En contrepoint à cette actualité politique rendue très vivante, une méditation esthétique et poétique sur l'art de Velazquez, alchimie entre « matière et idée », retient l'attention. « La Toilette de Vénus », indifférente au temps, ne livre sans doute pas ici tous ses mystères, ce n'est pas le but recherché semble-t-il. On ne sait pas grand-chose du modèle dont on admire encore aujourd'hui l'admirable chute de reins, ni même d'un dessein plus particulier du peintre à son endroit. La toile elle, par-delà l'outrage subi, raboutée fil à fil après l'attentat, peut parler. Sous les « plaies », des liens invisibles et symboliques avec les intentions ou les pratiques picturales de son créateur, subsistent. Etroites correspondances où le mythe d'Arachné, cher à Velazquez, paraît unir dans un même savoir-faire, des fileuses madrilènes de la manufacture Santa Isabel vraissemblablement observées par le peintre et, beaucoup plus tard, des ouvrières du textile de Manchester. Histoire de peinture, histoires de toiles et histoire de droits qui se font écho.

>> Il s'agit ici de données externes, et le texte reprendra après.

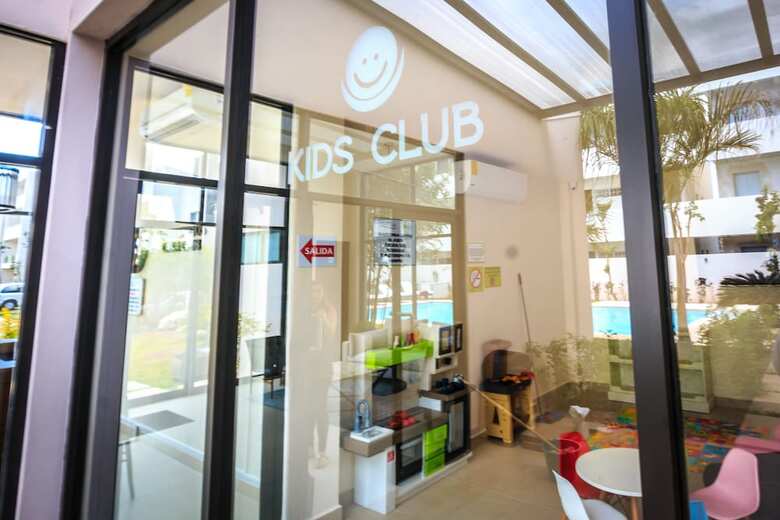 Apartamentos S�amal 207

Lecture stimulante qu'adoreront les amateurs d'une histoire de l'art « sentimentale, sensuelle et affective », telle que revendique de la pratiquer l'une des principales protagonistes de cette enquête, Mrs Lyon. Entre le pinceau de Velazquez et le hachoir de Polly Dick, l'atmosphère fleure bon le parquet ciré d'une salle de musée, la colle de peau de lapin, chère aux restaurateurs, et le thé arrosé au whisky tel qu'on le sert au QG de l'amie des suffragettes sus-mentionnée – pension pour dame où résida sans doute Charles Dickens et, bien plus tard, Mary Richardson. Humour et gravité parfaitement orchestrés dans cette histoire là. le rapprochement est très réussi entre le siècle de Philippe IV et les débuts de celui qui vit naître le mouvement suffragiste, entre le carcan austère des vertugadins et l'uniforme pénitentiaire des prisonnières d'Holloway, rendant justice à des ouvrières industrieuses et à des pionnières du féminisme (les anglaises obtiendront finalement le droit de vote en 1918, bien avant nous). de quoi redonner le goût des musées à ceux qui l'auraient perdu et celui d'aller voter à ceux qui ne l'auraient jamais eu.